Overview: Wearable sensing refers to sensing technologies incorporated into devices like smart watches and smart rings that are worn on the body. By contrast, remote sensing refers to sensing technologies that are placed in the built environment such as vibration sensors, microphones, visible light cameras, infrared cameras, millimeter wave radar, and other forms of radio frequency-based sensing. Remote sensing technologies deployed in the home environment can be used for a variety of health-relevant applications from monitoring activities of daily living to collecting vital signs like heart rate. While wearables have an advantage over remote sensing approaches in that they can provide more ubiquitous monitoring, remote sensing technologies have the advantage that they are lower burden as users do not need to remember to wear or carry a device.
MassAITC Pilot Project Highlights: MassAITC has funded multiple projects that leverage remote sensing technologies. These funded technologies are being applied to early detection of health conditions like frailty, acute illness and cognitive impairment, longitudinal health monitoring of cardiovascular health and Parkinson’s disease, fall risk detection and prevention, and more. MassAITC Year 3 pilot awardee REOFTech spun off a new company, EC-Safety, and was accepted into two accelerator programs. Ehsan Edali, a MassAITC pilot PI, received follow on funding from NIH (1R01AG089169) to further develop vision language models for predicting cognitive impairment from gait mechanics. Livindi, integrated a fall detection voice algorithm into their commercial home monitoring system and were recognized by two organizations as the most comprehensive monitoring system for older adults. More information on funded pilots in this area is listed below, along with additional resources including MassAITC webinars touching on this topic area.

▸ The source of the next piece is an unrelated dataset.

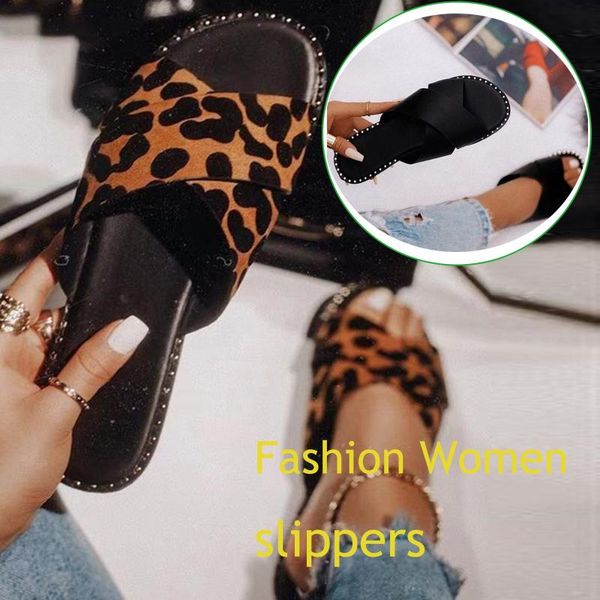 slippers summer women casual shoes flat black leopard print flip flops crystal non-slip lightweight women's
slippers summer women casual shoes flat black leopard print flip flops crystal non-slip lightweight women's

Contactless Cardiovascular Health Monitoring for AD using an AI-Enhanced mmWave Radar
Justin Chan, Carnegie Mellon University. Swarun Kumar, Carnegie Mellon University. Neelesh Nadkarni, University of Pittsburgh. The proposed work uniquely aims to measure pulse transit time and blood pressure across different arterial points across the body using the reflections of wireless signals from a single AI-enabled mmWave radar device, which is a key enabler towards whole-body blood flow monitoring both in home and clinical environments.

Behavioral Analytics is the New Medical Device
Rhoda Au, Boston University, Laura McIntosh, EmPowerYu. This project will use in-home multimodal sensors to detect changes in daily life activity patterns that indicate fluctuations in cognitive status.

An Objective Assessment Tool for Evaluating Functioning in Older Adults
Ehsan Adeli, Victor W. Henderson, Stanford University. The proposed project aims to design a mobile app that not only instructs and records individuals performing Short Physical Performance Battery (SPPB) tests but also uses these data for predictive analysis to monitor and quantify the risk of cognitive impairment over time, utilizing video data analyzed for motor-cognitive relationships.

Towards an AI-based Care Plan for ADRD Caregiver-patient Dyads
G. Antonio Sosa-Pascual, REOFTech. Michael Busa, UMass Amherst. This project aims to collect data from wearables and smart home sensors to determine the state, rate, and direction of change in dementia patient agitation and caregiver well-being.

Chronic Pain Monitoring and Assessment for LTC Residents with ADRD by AI Sensing
Xian Du, Joohyun Chung, UMass Amherst. Shishir Prasad, BD.
In this project, we will develop the approach for the continuous monitoring of long-term care (LTC) resident’s behavioral and physiological signals over extended durations using cameras and wearable sensors.

Detection of falls and other health events using sound, activity monitoring and machine learning
Richard Watkins, Livindi. The Livindi pilot project aimed to develop and test a technology platform that detects distress-related events—especially falls—using audio recognition, motion sensors, and machine learning. Participants received pre-configured kits with tablets and sensors, and the system was designed to operate entirely on-device to ensure privacy.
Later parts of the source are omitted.